A DIFÍCIL TAREFA DA PREVENÇÃO

Bom Dia!

Um levantamento realizado no Reino Unido e divulgado pelo Na­tional Cancer Intelligence Network aponta que nos casos de constatação positiva de câncer, dos tipos de detecção primária, ou seja, de maior probabilidade de cura, dentre a população masculina, a mortalidade é expressamente maior (2,5 vezes) do que entre as mulheres.
E a causa apontada pelos pesquisadores ingleses é uma velha conhecida nossa: a teimosia e resistência às ações de prevenção e também de cura. Os homens se constituem num público com muitas peculiaridades, na questão da Gestão de Cuidados em Saúde.
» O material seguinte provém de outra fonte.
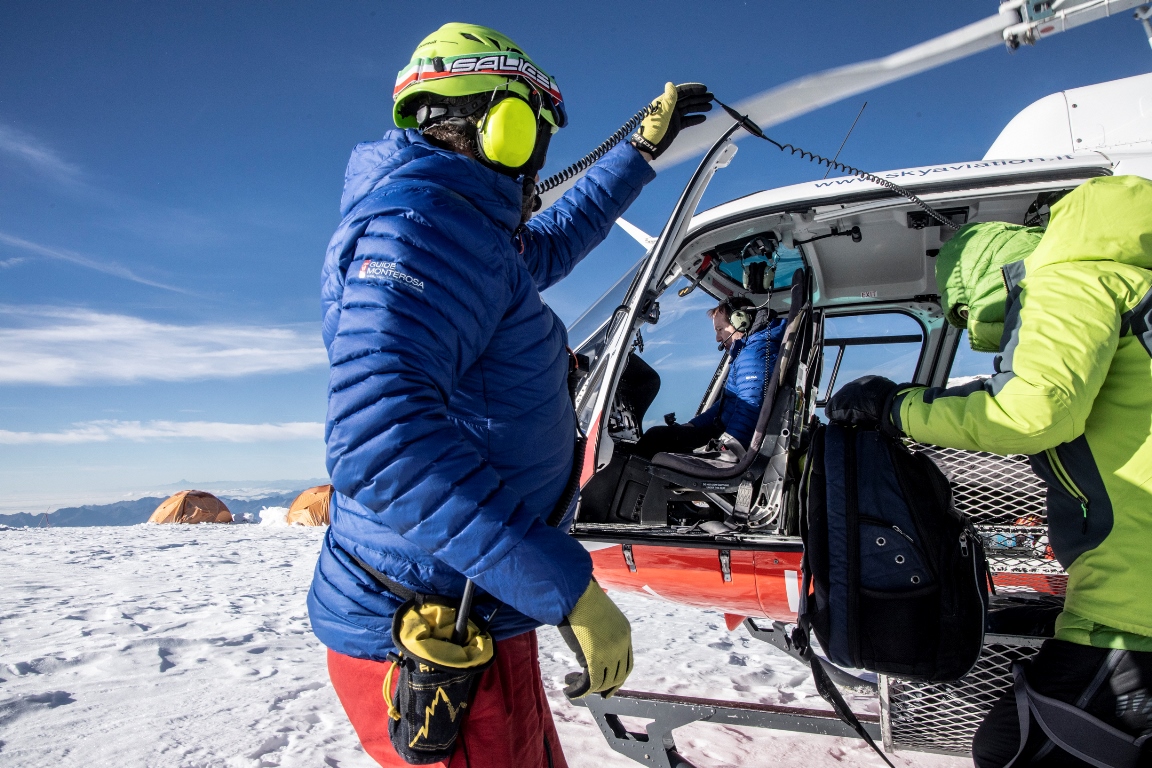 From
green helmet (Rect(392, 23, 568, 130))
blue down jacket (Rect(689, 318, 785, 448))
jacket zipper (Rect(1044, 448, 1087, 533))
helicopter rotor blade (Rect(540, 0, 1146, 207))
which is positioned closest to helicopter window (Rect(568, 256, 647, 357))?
helicopter rotor blade (Rect(540, 0, 1146, 207))

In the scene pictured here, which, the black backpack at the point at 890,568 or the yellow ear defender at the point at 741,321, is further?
the yellow ear defender at the point at 741,321

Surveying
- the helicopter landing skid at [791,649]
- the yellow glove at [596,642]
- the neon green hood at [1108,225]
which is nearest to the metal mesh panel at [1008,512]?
the helicopter landing skid at [791,649]

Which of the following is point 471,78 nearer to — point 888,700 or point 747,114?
point 747,114

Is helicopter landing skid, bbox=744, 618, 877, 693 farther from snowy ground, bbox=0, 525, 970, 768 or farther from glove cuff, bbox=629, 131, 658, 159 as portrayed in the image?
glove cuff, bbox=629, 131, 658, 159

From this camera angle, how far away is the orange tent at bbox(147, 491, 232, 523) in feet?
49.2

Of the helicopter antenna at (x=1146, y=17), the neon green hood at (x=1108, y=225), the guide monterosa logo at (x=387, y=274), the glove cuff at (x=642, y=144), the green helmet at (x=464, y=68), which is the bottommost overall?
the guide monterosa logo at (x=387, y=274)

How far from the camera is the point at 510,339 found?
1184 millimetres

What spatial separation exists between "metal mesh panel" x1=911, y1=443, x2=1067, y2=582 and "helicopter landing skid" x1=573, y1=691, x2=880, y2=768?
2.55ft

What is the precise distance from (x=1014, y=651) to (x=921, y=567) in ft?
1.95

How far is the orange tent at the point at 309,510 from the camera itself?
1391 cm

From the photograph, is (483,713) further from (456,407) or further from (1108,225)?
(1108,225)

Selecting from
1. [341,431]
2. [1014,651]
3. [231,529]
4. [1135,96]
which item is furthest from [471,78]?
[231,529]

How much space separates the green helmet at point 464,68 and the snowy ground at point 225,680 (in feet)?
8.27

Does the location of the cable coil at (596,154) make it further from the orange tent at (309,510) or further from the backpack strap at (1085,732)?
the orange tent at (309,510) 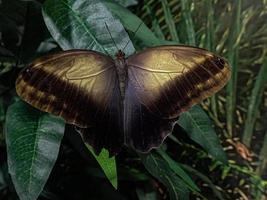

Por um lado, são mais temerosos em relação ao adoecimento, mas não buscam e demonstram forte resistência na adesão aos programas de prevenção desenvolvidos, quer pelo Estado, quer por sistemas privados de saúde.
Também adiam, quase no limite da irresponsabilidade, a ida aos serviços de saúde quando perecebem ou mesmo sofrem com sintomas clínicas de qualquer natureza. Querem algo como uma máquina automática de solução dos problemas, mas que ainda venha até onde eles estão!
Entretanto, quando adoecem e, finalmente, recebem uma prescrição médica, cumprem-na apenas pelo tempo de julgarem estarem "melhor" dos seus sintomas e, por isso, auto-abandonarem seus tratamentos.
Assim, a pesquisa não deveria causar nenhuma surpresa para os gestores de saúde. Porém, se lembrarmos que as mulheres estão mudando seus hábitos de prevenção, e passando a copiar o universo masculino nesta postura quase que suicida, o quadro fica preocupante.
A vinculação às ações de saúde requerem uma nova linguagem de oferta por parte dos serviços, públicos ou privados. Num tempo em que a globalização criou um fortíssimo apelo ao consumo imediato, tentar fidelizar clientes na prevenção e promoção apenas repetindo que num "futuro distante e incerto", eles "poderão" ser vítimas de "algo que não se consegue definir o que será", sinceramente, não vai dar certo.
Está na hora de desenvolvermos um marketing específico para a prevenção. E a melhor forma para isto, como sempre, será OUVIR O CLIENTE. Mas de forma aberta, deixando que seus devaneios e sonhos sejam explicitados, para filtrarmos e viabilizarmos com as lentes da gestão o que pode ser concretizado de forma sistêmica e universal. Estamos bastante atrasados nesta formulação. E as Academias, infelizmente, vivendo uma discussão ideológica que pode até encher congressos estudantis, mas absolutamente alterarão o grave e preocupante quadro apresentado.